Et les deux princes sortirent. Djata bouscula les gardes de la maison de Dankaran Touman, il était tellement en colère qu'il ne put articuler un mot. C'est Manding Bory qui parla :
— Frère Dankaran Touman, tu nous as enlevé notre part d'héritage. Chaque prince a eu son griot. Tu as enlevé Balla Fasséké, il n'était pas à toi ; mais où qu'il soit, Balla sera toujours le griot de Djata. Et puisque tu ne veux plus nous sentir auprès de toi, nous quitterons le Manding et nous irons loin d'ici.
— Mais je reviendrai, ajouta avec force le fils de Sogolon. Je reviendrai, tu m'entends ?
— Tu sais que tu pars, répondit le roi, mais tu ne sais si tu reviendras.
— Je reviendrai, tu m'entends, reprit Djata. Le ton était catégorique. Un frisson parcourut tout le corps du roi, Dankaran Touman tremblait de tous ses membres ; les deux princes sortirent; la reine-mère alertée accourut, elle trouva son fils effondré.
— Mère, il part, mais il dit qu'il reviendra. Mais pourquoi part-il ; je veux lui rendre son griot, moi ; pourquoi part-il ?
— Oui, il restera puisque tu le veux. Mais alors cède-lui le trône, toi qui trembles devant les menaces d'un enfant de dix ans. Cède-lui ta place puisque tu ne peux pas régner. Moi je vais retourner au village de mes parents, je ne pourrai pas vivre sous la tyrannie du fils de Sogolon. J'irai finir mes jours auprès de mes parents et je dirai que j'ai eu un fils qui a peur de régner.
Sassouma se lamenta si bien que Dankaran Touman se découvrit soudain une âme de fer; maintenant il voulait la mort de ses frères; eh bien qu'ils partent ! tant pis, et qu'il ne les rencontre plus sur son chemin ! Il régnera. Seul. Car le pouvoir ne souffre pas de partage.

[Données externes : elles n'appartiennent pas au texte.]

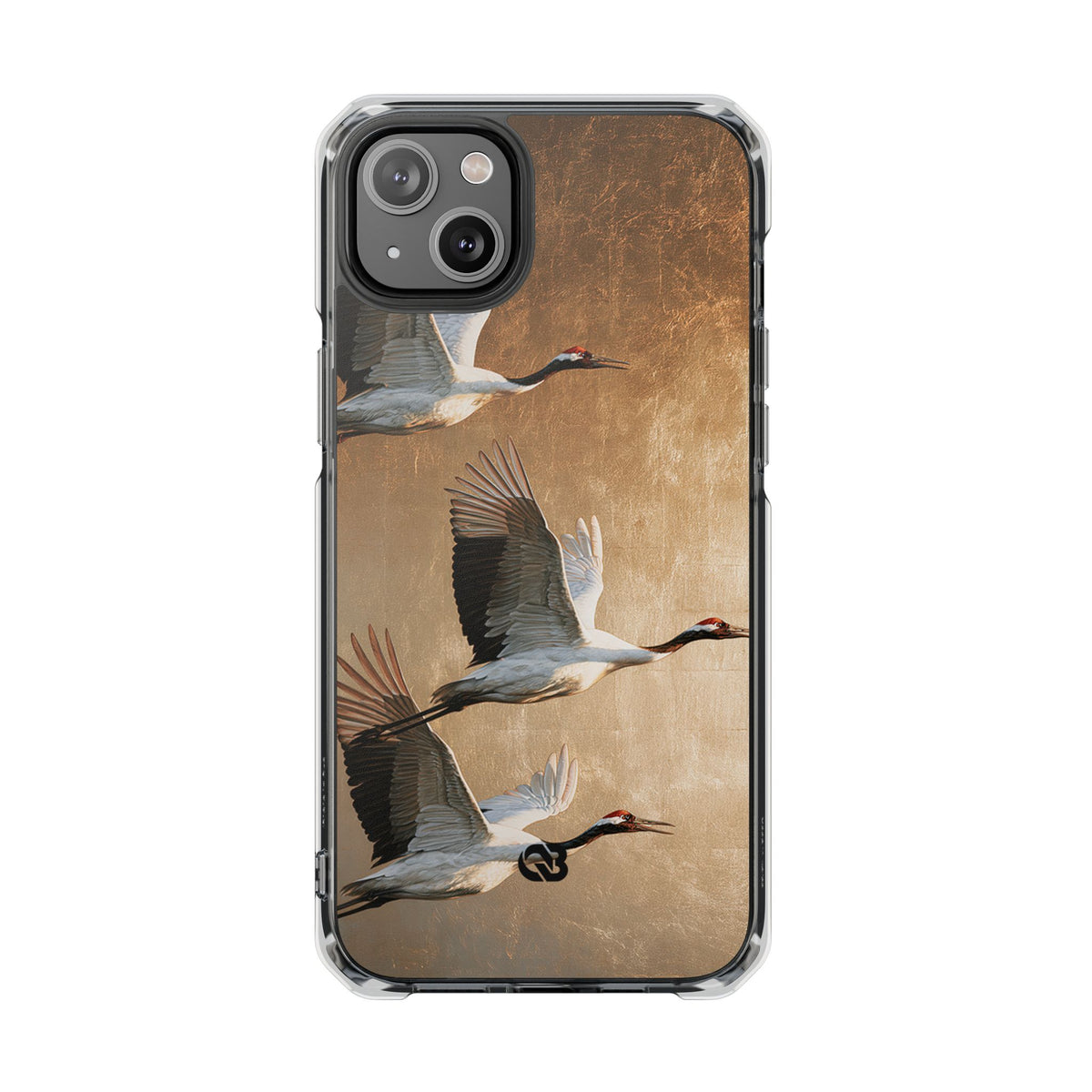 Golden Crane Flight · Clear Impact Magnetic Phone Case for iPhone · Gold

Ainsi Sogolon et ses enfants ont connu l'exil.
Pauvres de nous ! Nous croyons nuire à notre prochain alors que nous travaillons dans le sens même du destin.
Notre action n'est pas nous, car elle nous est commandée.

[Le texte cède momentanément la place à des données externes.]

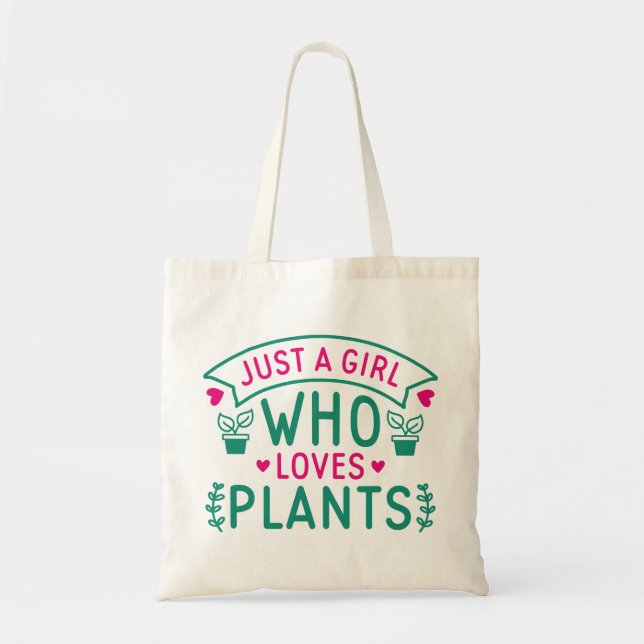 Bolso De Tela Solo un Chica que ama las plantas (Frente)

Sassouma Bérété s'est cru victorieuse, car Sogolon et ses enfants ont fui le Manding ! Leurs pieds ont labouré la poussière des chemins. Ils ont subi les injures que connaissent ceux qui partent de leur patrie ; des portes se sont fermées devant eux ; des rois les ont chassés de leur cour.
Mais tout cela était dans le grand destin de Diata. Sept années sont passées, sept hivernages se sont succédé et l'oubli est entré dans l'esprit des hommes, mais le temps, d'un pas égal, a marché : les lunes ont succédé aux lunes dans le même ciel ; les fleuves dans leur lit ont continué leur course interminable.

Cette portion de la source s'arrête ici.